§ **EXERCISE DETAILS**
Give back the full listing exactly, setting the pictures aside.
PROVIDED DATA Block Start
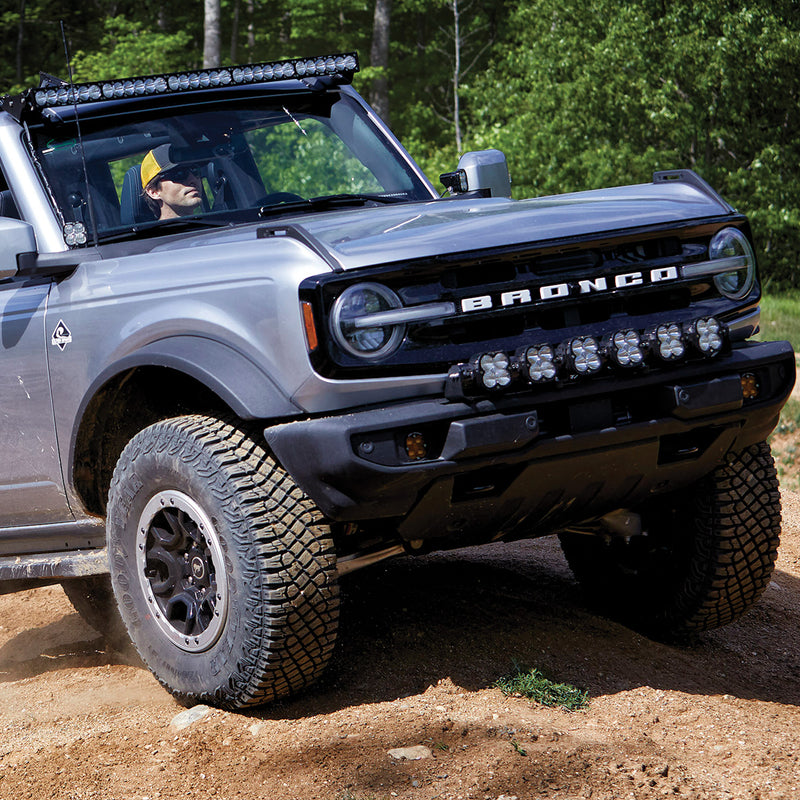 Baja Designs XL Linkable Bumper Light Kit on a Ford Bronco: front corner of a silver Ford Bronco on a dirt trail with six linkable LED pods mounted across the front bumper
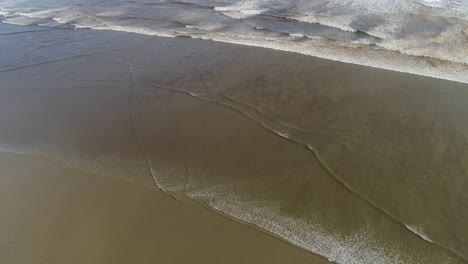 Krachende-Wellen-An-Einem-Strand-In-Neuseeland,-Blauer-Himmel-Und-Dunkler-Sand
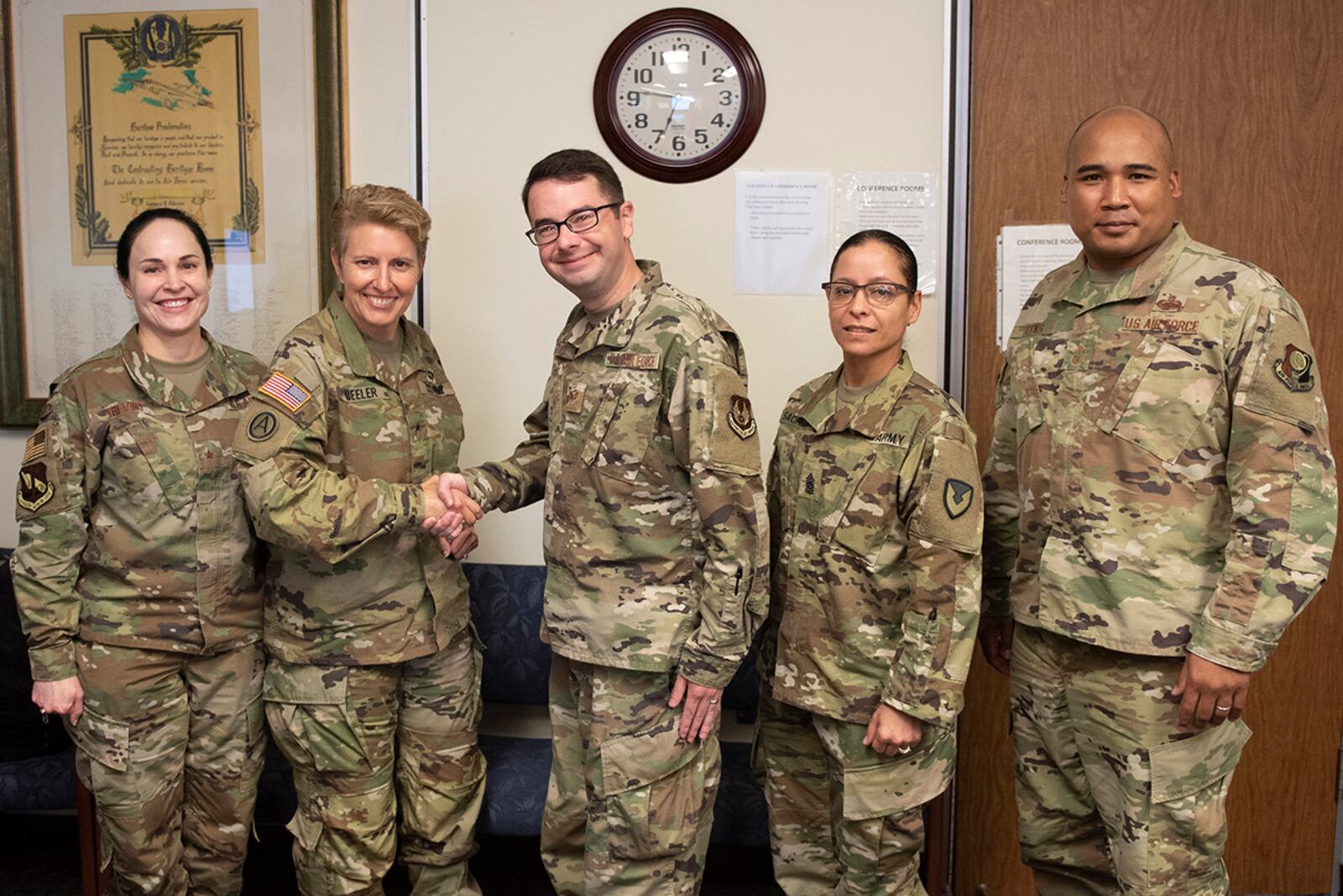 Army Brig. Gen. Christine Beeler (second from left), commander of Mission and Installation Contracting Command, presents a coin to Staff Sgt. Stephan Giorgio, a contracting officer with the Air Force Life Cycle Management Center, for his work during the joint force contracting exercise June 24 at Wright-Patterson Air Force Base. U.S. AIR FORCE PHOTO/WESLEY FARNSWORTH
PROVIDED DATA Block End
§ **REPLY TO THE TASK**
 Baja Designs XL Linkable Bumper Light Kit on a Ford Bronco: front corner of a silver Ford Bronco on a dirt trail with six linkable LED pods mounted across the front bumper
 Krachende-Wellen-An-Einem-Strand-In-Neuseeland,-Blauer-Himmel-Und-Dunkler-Sand
 Army Brig. Gen. Christine Beeler (second from left), commander of Mission and Installation Contracting Command, presents a coin to Staff Sgt. Stephan Giorgio, a contracting officer with the Air Force Life Cycle Management Center, for his work during the joint force contracting exercise June 24 at Wright-Patterson Air Force Base. U.S. AIR FORCE PHOTO/WESLEY FARNSWORTH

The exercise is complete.